太陽と風の家の役割は、農業と農産物においては、「農民芸術概論」(岩手調査資料1])、食文化においては、「イーハトーヴの食べもの帖」(岩手調査資料2])、石の商品開発においては、「石の研究史」をひも解き、東山町民とともに学びながら共有していくこと。ワークショップは、賢治の精神を共有するために行われる手法。そして、その成果は、賢治の考えた「ダスコーブドリの町」づくりへと、最初は小さくともゆっくりゆっくり、時間をかけて、体験を重ねながら構築していくこと。行政主導型ではない、広告代理店任せでもない、住民自身による人づくりとモノづくり、グスコーブドリの町づくりを行うべきです。

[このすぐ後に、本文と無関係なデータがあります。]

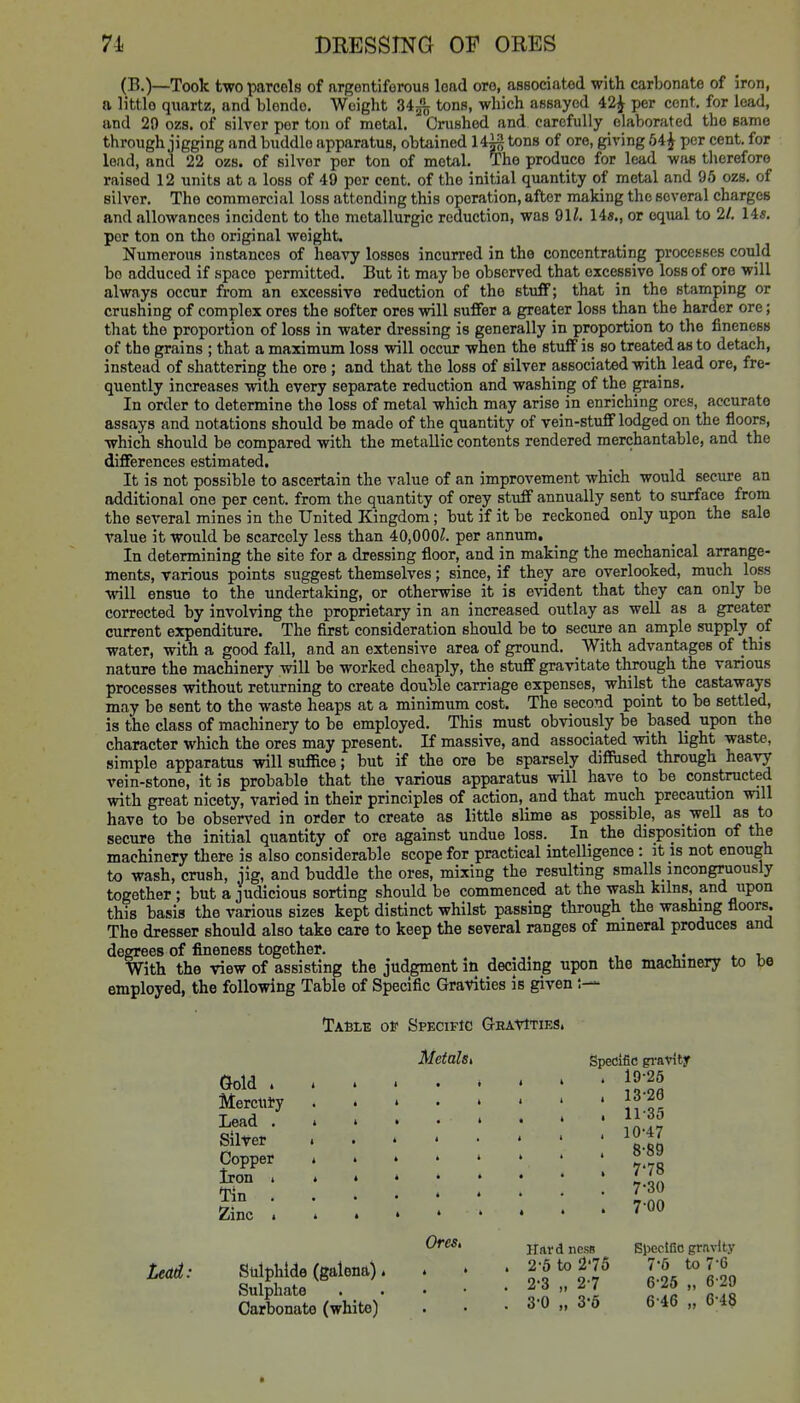 (B.)—Took two parcels of argentiferous load ore, associated with carbonate of iron, a little quartz, and blende. Weight 34^ tons, which assayed 42^ per cent, for lead, and 29 ozs. of silver per ton of metal. Crushed and carefully elaborated the same through jigging and huddle apparatus, obtained H^g tons of ore, giving 54^ per cent, for lead, and 22 ozs. of silver per ton of metal. The produce for lead was therefore raised 12 units at a loss of 49 per cent, of the initial quantity of metal and 95 ozs. of silver. The commercial loss attending this operation, after making the several charges and alloM'ances incident to the metallurgic reduction, was 91/. 14«., or equal to 21. 14*. per ton on the original weight. Numerous instances of heavy losses incurred in the concentrating processes could bo adduced if space permitted. But it may be observed that excessive loss of ore will always occur from an excessive reduction of the stuff; that in the stamping or crushing of complex ores the softer ores will suffer a greater loss than the harder ore; that the proportion of loss in water dressing is generally in proportion to tlie fineness of the grains ; that a maximum loss will occur when the stuff is so treated as to detach, instead of shattering the ore ; and that the loss of silver associated with lead ore, fre- quently increases with every separate reduction and washing of the grains. In order to determine the loss of metal which may arise in enriching ores, accurate assays and notations should be made of the quantity of vein-stuff lodged on the floors, which should be compared with the metallic contents rendered merchantable, and the differences estimated. It is not possible to ascertain the value of an improvement which would secure an additional one per cent, from the quantity of orey stuff annually sent to surface from the several mines in the United Kingdom; but if it be reckoned only upon the sale value it would be scarcely less than 40,000/. per annum. In determining the site for a dressing floor, and in making the mechanical arrange- ments, various points suggest themselves; since, if they are overlooked, much loss will ensue to the undertaking, or otherwise it is evident that they can only be corrected by involving the proprietary in an increased outlay as well as a greater current expenditure. The first consideration should be to secure an ample supply of water, with a good fall, and an extensive area of ground. With advantages of this nature the machinery will be worked cheaply, the stuff gravitate through the various processes without returning to create double carriage expenses, whilst the castaways may be sent to the waste heaps at a minimum cost. The second point to be settled, is the class of machinery to be employed. This must obviously be based upon the character which the ores may present. If massive, and associated with light waste, simple apparatus will suffice; but if the ore be sparsely diffiised through heavy vein-stone, it is probable that the various apparatus will have to be constructed with great nicety, varied in their principles of action, and that much precaution will have to be observed in order to create as little slime as possible, as well as to secure the initial quantity of ore against undue loss. In the disposition of the machinery there is also considerable scope for practical intelligence : it is not enough to wash, crush, jig, and huddle the ores, mixing the resulting smalls incongruously together; but a judicious sorting should be commenced at the wash kilns, and upon this basis the various sizes kept distinct whilst passing through the washing floors. The dresser should also take care to keep the several ranges of mineral produces and degrees of fineness together. With the view of assisting the judgment in deciding upon the machinery to be employed, the following Table of Specific Gravities is given Lead: Tasle of Specific Gravities. MetalSi Gold . Mercury Lead . » Silver Copper 4 Iron i » Tin . . Zinc t > Sulphide (galena). Sulphate Carbonate (white) Ores, Specific gravity . 19-26 . 13-26 . 11-35 . 10'47 . 8-89 . 7'78 . 7-30 . 700 Hard ncss 2-5 to 2'75 2- 3 „ 2-7 3- 0 „ 3-6 Specific gravity 7-5 to 7-6 6-25 „ 6-29 6-46 „ 6-48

ゆっくり、気が付いた人から、賢治の考え方に基づいた種を掘り起こし育てていく。芽が出たら皆で温かく見守り育てて行く。他品目少量の作付けを行い、地域内自給、家庭菜園中心、売ることの喜びを謳歌する農民芸術、農民の暮しを堪能する生き方。グスコープドリの町は、きっと「小さな宇宙」のように見えるに違いない。宮沢賢治や鈴木東蔵が、再び大きく皆の心の中に生きづくようゆっくり歩み始める。その役割が「太陽と風の家」が担っていくのであろう。
コンセプト:宮沢賢治の「農民芸術概論」と東山の農業
味噌を造る腕はあっても造らず買う。そうしたら農地も荒れていく。持っている技術は失われていってしまう。こんな農業の現状は、とても悲しい。都会から来た人と一緒に農家を変えていくのが一番ではないのか。包装によって価値を見出すようなことはしたくない。化学肥料を使わず農薬を使わない農業ができる所は少なくなった。東山町は、もう一度農業のあり方を問い直そうとしている。農繁期のグリーンツーリズム、農業体験、出菜採体験、田植踊り、山の神の祭り、農地を維持し、未来へ受け継ぐこと、地域内循環と多品種少量栽培、この為の食文化の見直し。賢治の精神を思い返して、食への感謝と農業への感謝を行う農業、ひいては、子どもたちへ健やかな肉体と精神を引き継ぐことになるのであろう。「農民芸術概論」と「イーハトーブの食べもの帳」は、太陽と風の家が、地域農業とともに学習していく基本書となり、この基本コンセプトの上に、農業と農作物、食文化のひとつひとつに「ものがたり」をつけていく作業である。サポニン、サイカチが、サイカチ沼(賢治の末の中に記載)の物語にでてくるように、ものがたりを確認し、語り部のように語ることから始めよう。